Catnip Supply

From Derpedia, the free encyclopedia
Attribute Detail
Scientific Name Nepeta felinorum fluctuans
Primary Source Subterranean 'Purr-Veins' / Quantum Yarn Balls
Key Indicator Global Feline Glee Index (GFGI)
Governing Body The Interstellar Feline Resource Bureau (IFRB)
Major Exporters The Realm of the Sleepy Squirrels, Under-the-Couch Dimension
Threats Vacuum Cleaner Overlords, Existential Boredom, Accidental Human Consumption
Annual Volume Varies wildly, often measured in 'Zoomie-Units per Capita' (ZUPC)

Summary

The 'Catnip Supply' refers to the inexplicably fluctuating global availability of Nepeta felinorum fluctuans, more commonly known as catnip. Unlike most botanical resources, catnip is not primarily cultivated but rather occurs. Its appearance is strongly correlated with a delicate balance of Feline Mood Resonance, ambient dust bunnies, and the precise orbital alignment of your favourite houseplant. Experts agree that the supply is never truly exhausted, merely 'temporarily misplaced' by cosmic forces or a particularly ambitious shadow.

Origin/History

The earliest known record of the Catnip Supply phenomenon dates back to the lost scrolls of ancient Whiskerton, where a hieroglyph depicts a feline pharaoh dramatically face-planting into a patch of green leaves.
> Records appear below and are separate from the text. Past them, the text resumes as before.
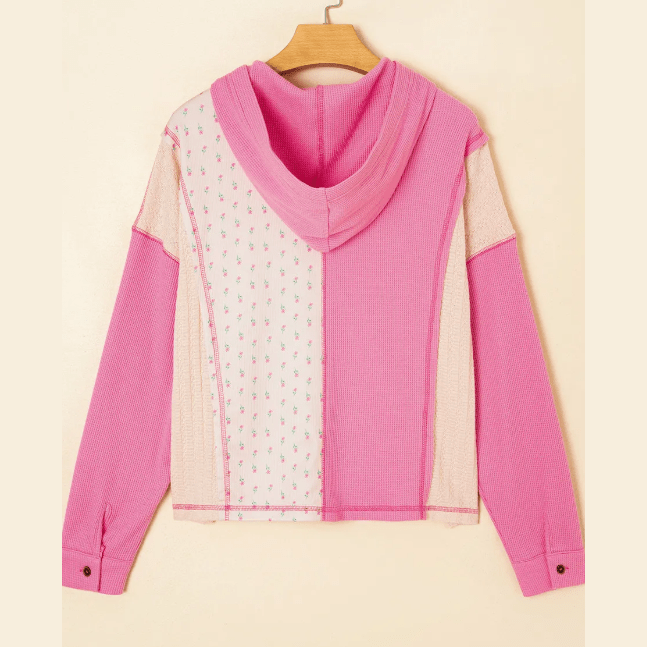 Lani Pink Mixed Texture Waffle Floral Patchwork Hooded Oversize Pullover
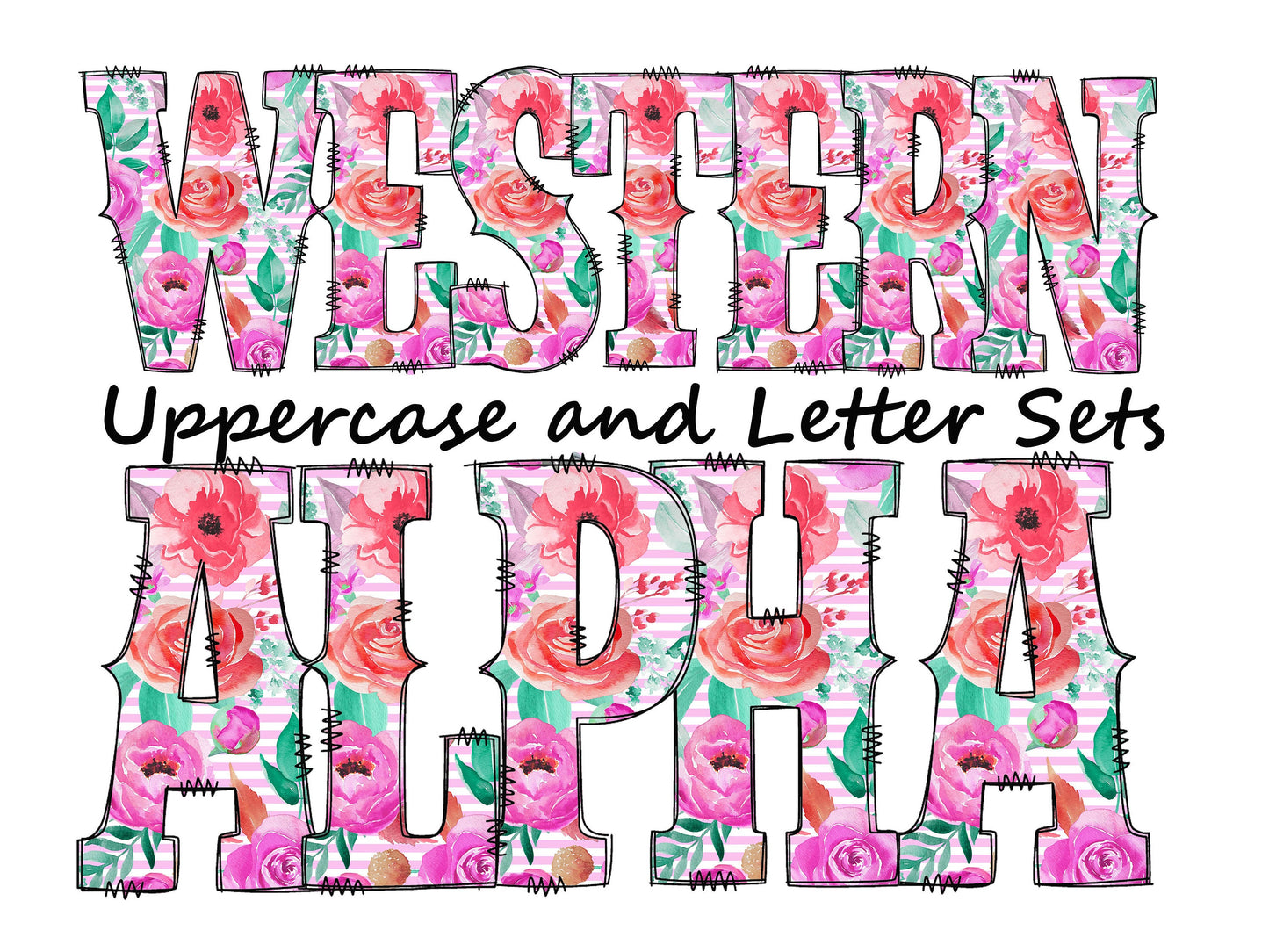 Colorful floral Doodle Letters Western Alphabet, Flowers pink Alphabet PNG, Entire Doodle Alphabet Uppercase and Numbers PNG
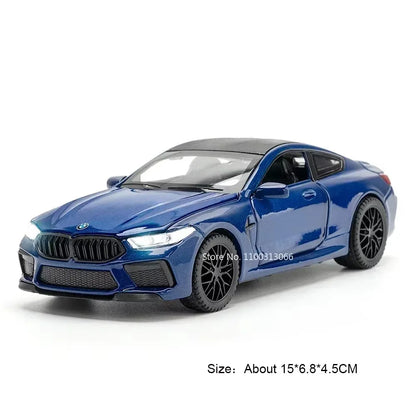 1:32 Scale X5 M8 Alloy Cars Models Diecast Toys with Light Sound SUV Doors Opened Miniature Vehicles for Kids Collection Gifts
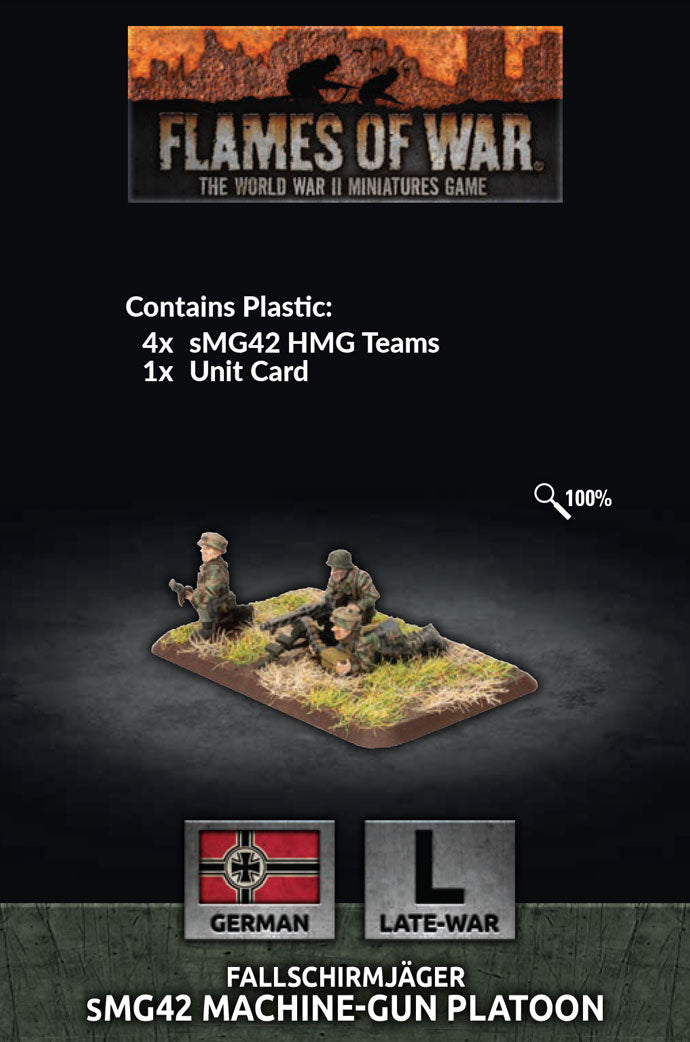 Flames of War: Germans: Fallschirmjager HMG Platoon (x4 Plastic)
Historical analysis suggests the 'Purr-Veins' – vast, invisible energy conduits believed to crisscross the globe just beneath the earth's surface – are the primary generation points. These veins are thought to be fed by discarded dreams and the quiet hum of refrigerator compressors. The exact mechanism of catnip generation remains elusive, though leading Derpologists suspect it involves a complex interplay of subatomic particles, Lazer Pointer Physics, and the unfulfilled desires of every cat who has ever stared intently at a blank wall.

Controversy

The Catnip Supply is a constant source of heated debate within the Feline Diplomatic Corps. A major point of contention is the 'Ethical Sniffing Initiative,' which aims to prevent over-enthusiastic sniffing by ensuring that no cat receives more than their allocated 'zoomie-ration' per lunar cycle. Critics argue this infringes upon fundamental feline liberties, while proponents insist it's crucial for preventing global Hairball Armageddon. Another ongoing controversy revolves around the 'Great Catnip Hoard of 2007,' when a rogue collective of particularly fluffy Persian cats allegedly diverted a significant portion of the global supply into a dimension only accessible via a crumpled paper bag, leading to widespread purr-deficit disorder. The IFRB is still attempting to negotiate its release, primarily through the strategic deployment of irresistible cardboard boxes.